§ Work instructions: Give the data below again exactly, and drop each picture from it.

§ Given information:

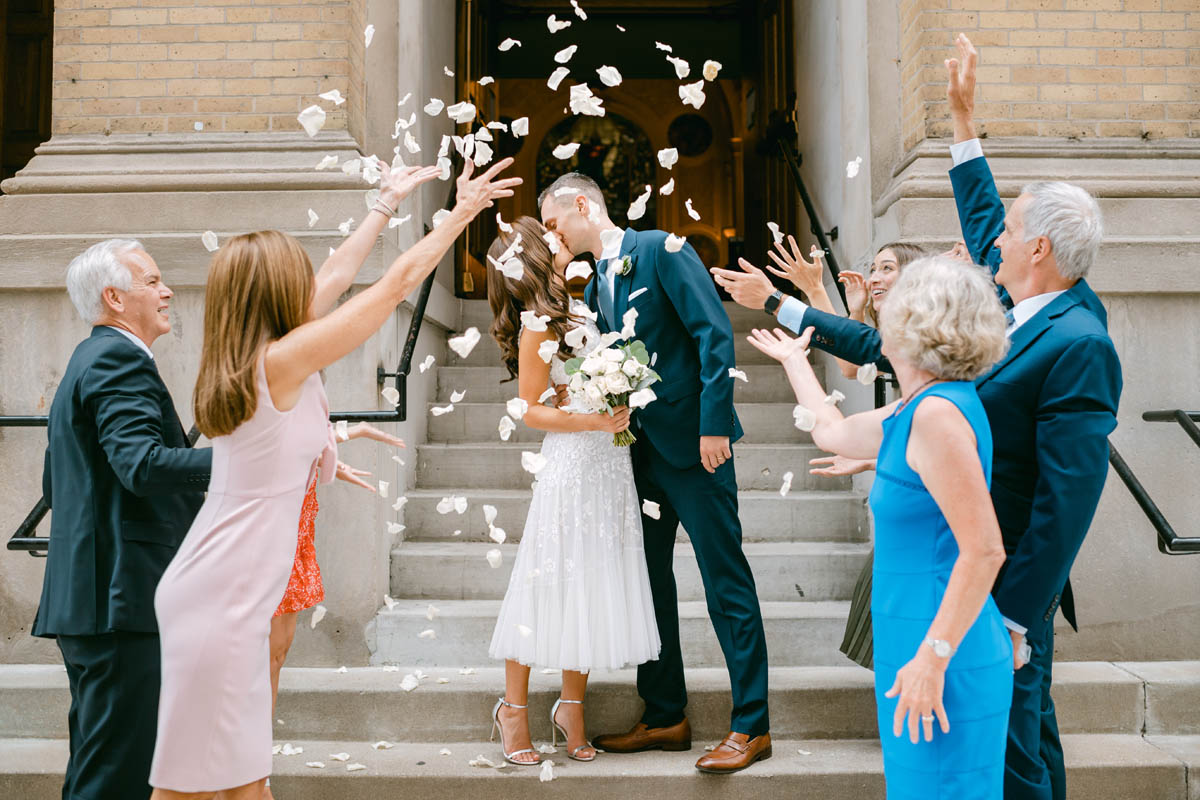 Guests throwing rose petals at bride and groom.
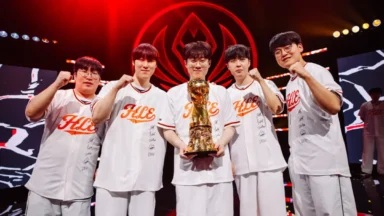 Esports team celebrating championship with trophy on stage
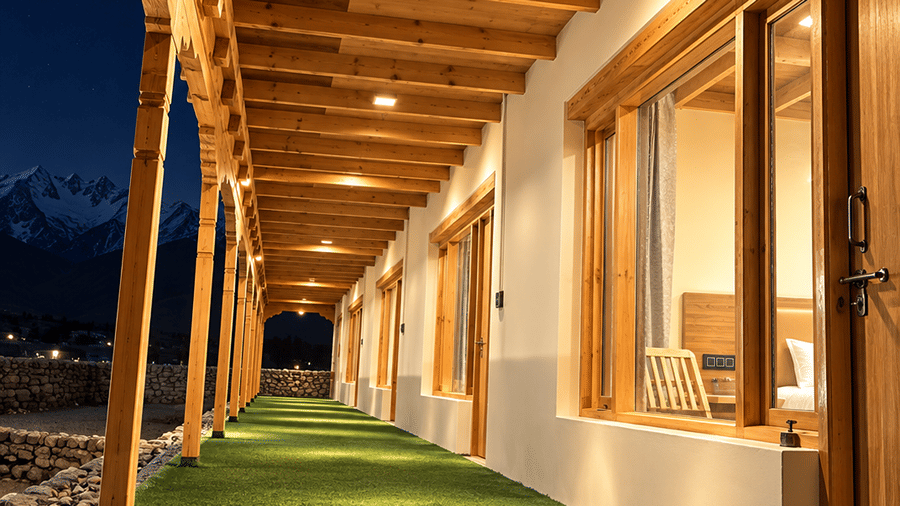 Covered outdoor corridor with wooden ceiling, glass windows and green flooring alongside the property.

§ Solved exercise:
 Guests throwing rose petals at bride and groom.
 Esports team celebrating championship with trophy on stage
 Covered outdoor corridor with wooden ceiling, glass windows and green flooring alongside the property.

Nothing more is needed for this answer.